Start of Provided records

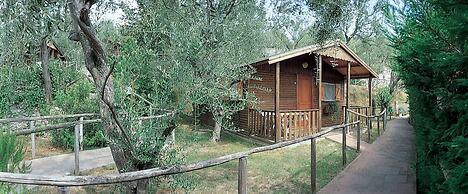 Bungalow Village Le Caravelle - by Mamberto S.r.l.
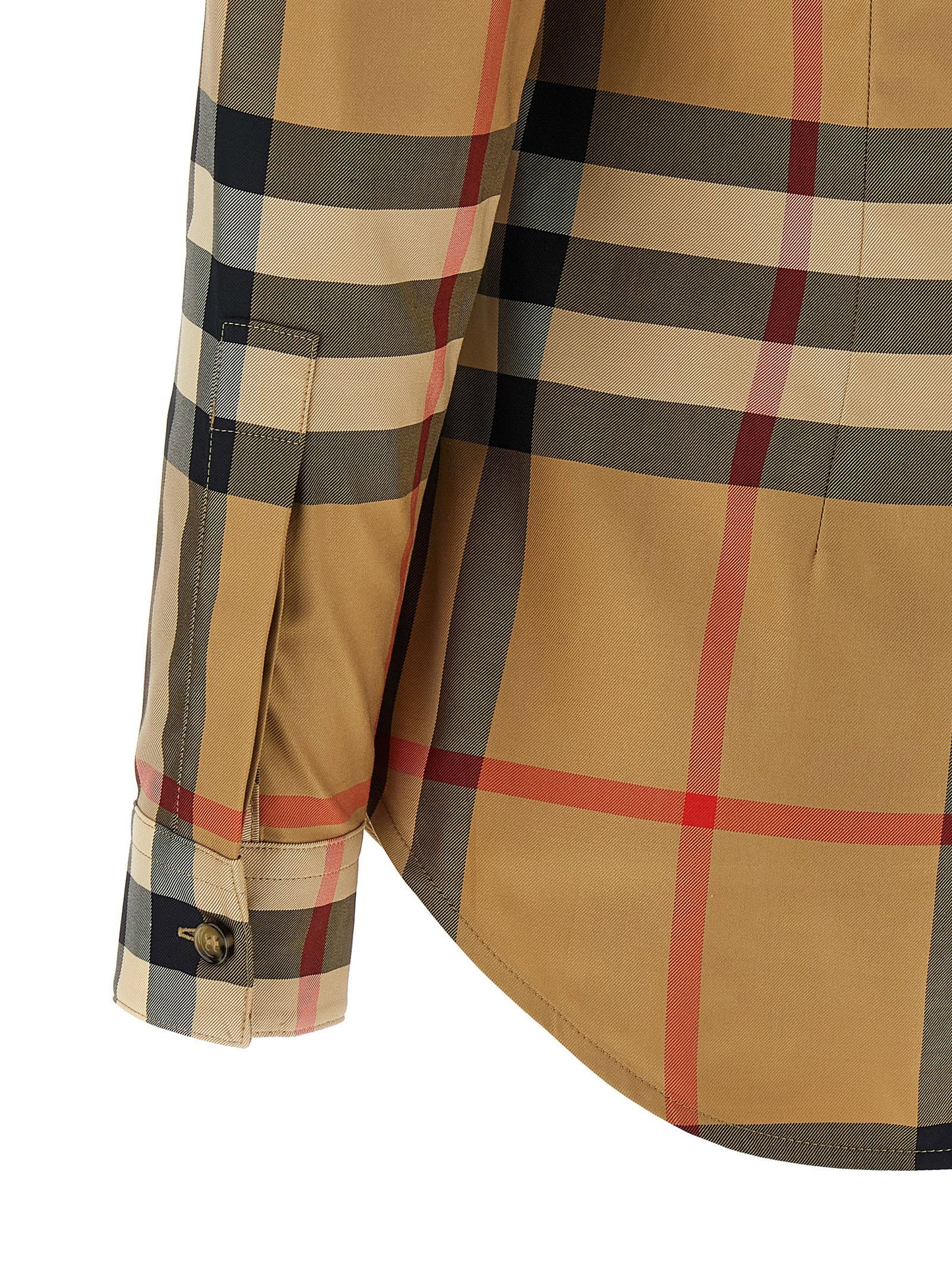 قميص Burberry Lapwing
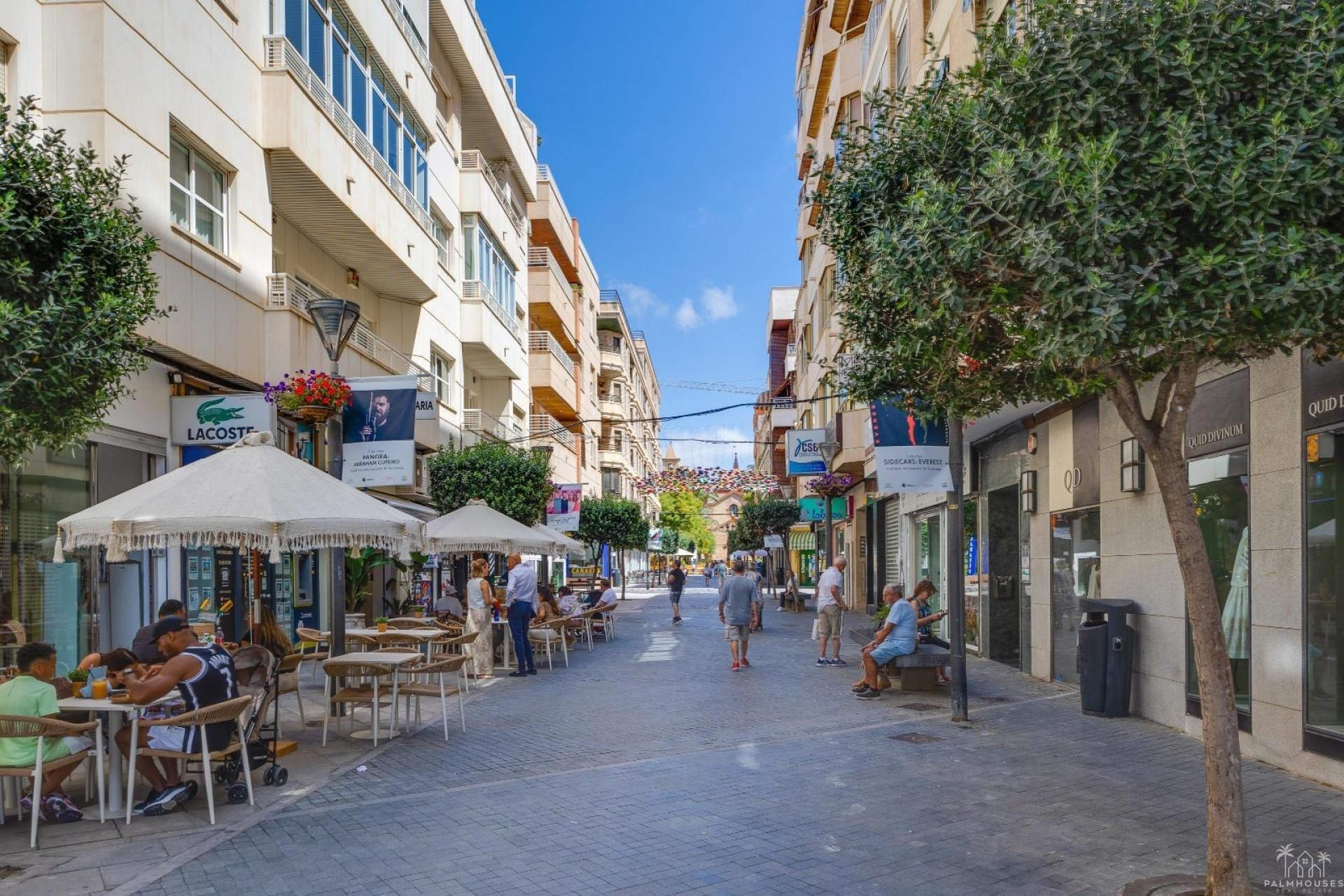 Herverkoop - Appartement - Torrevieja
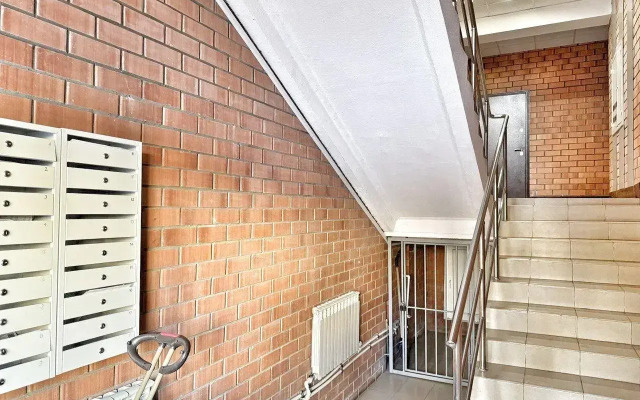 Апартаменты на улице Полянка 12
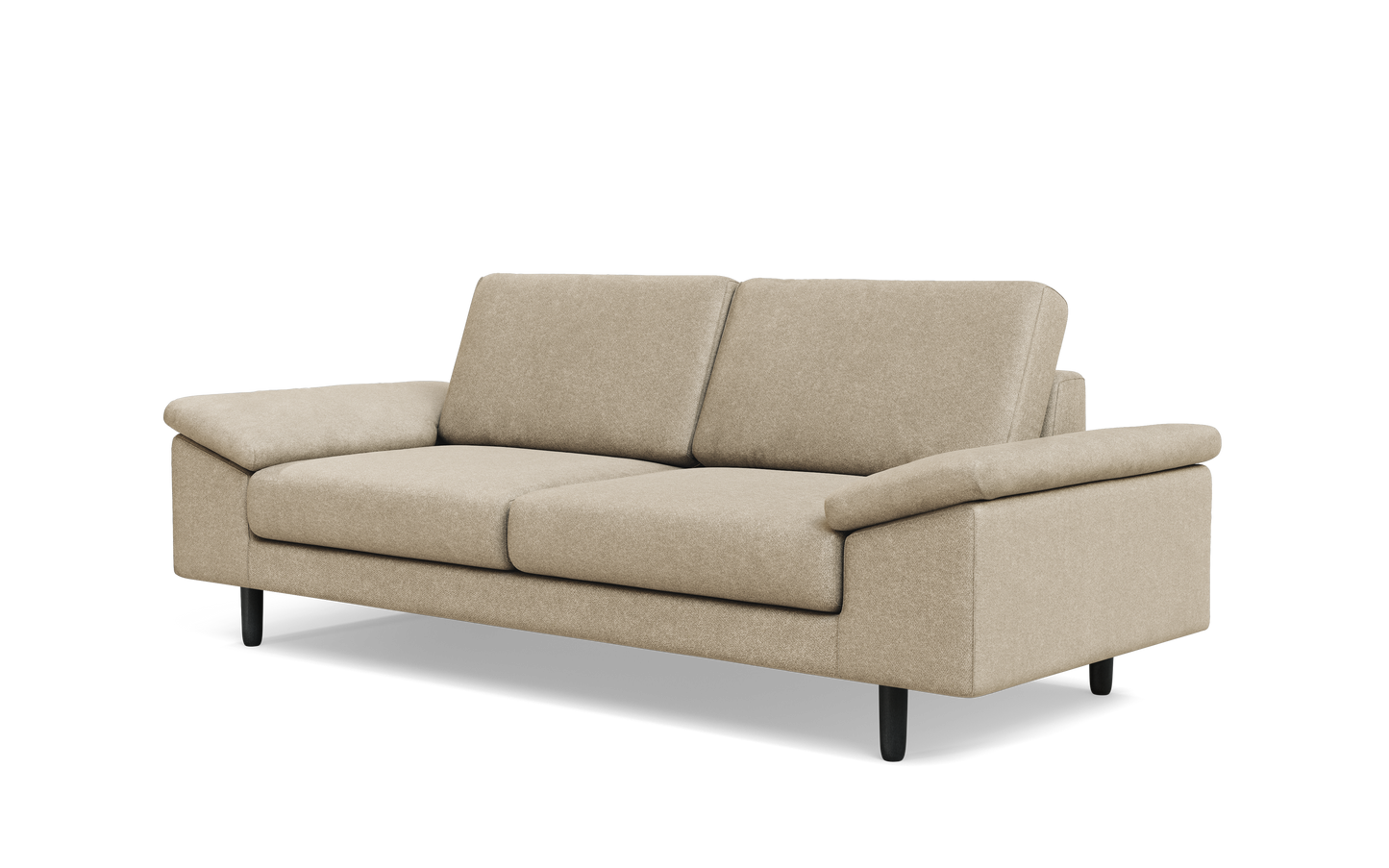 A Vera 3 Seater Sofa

End of Provided records

### Exercise details:
Copy out the data verbatim, with no pictures.

### Your solution:
 Bungalow Village Le Caravelle - by Mamberto S.r.l.
 قميص Burberry Lapwing
 Herverkoop - Appartement - Torrevieja
 Апартаменты на улице Полянка 12
 A Vera 3 Seater Sofa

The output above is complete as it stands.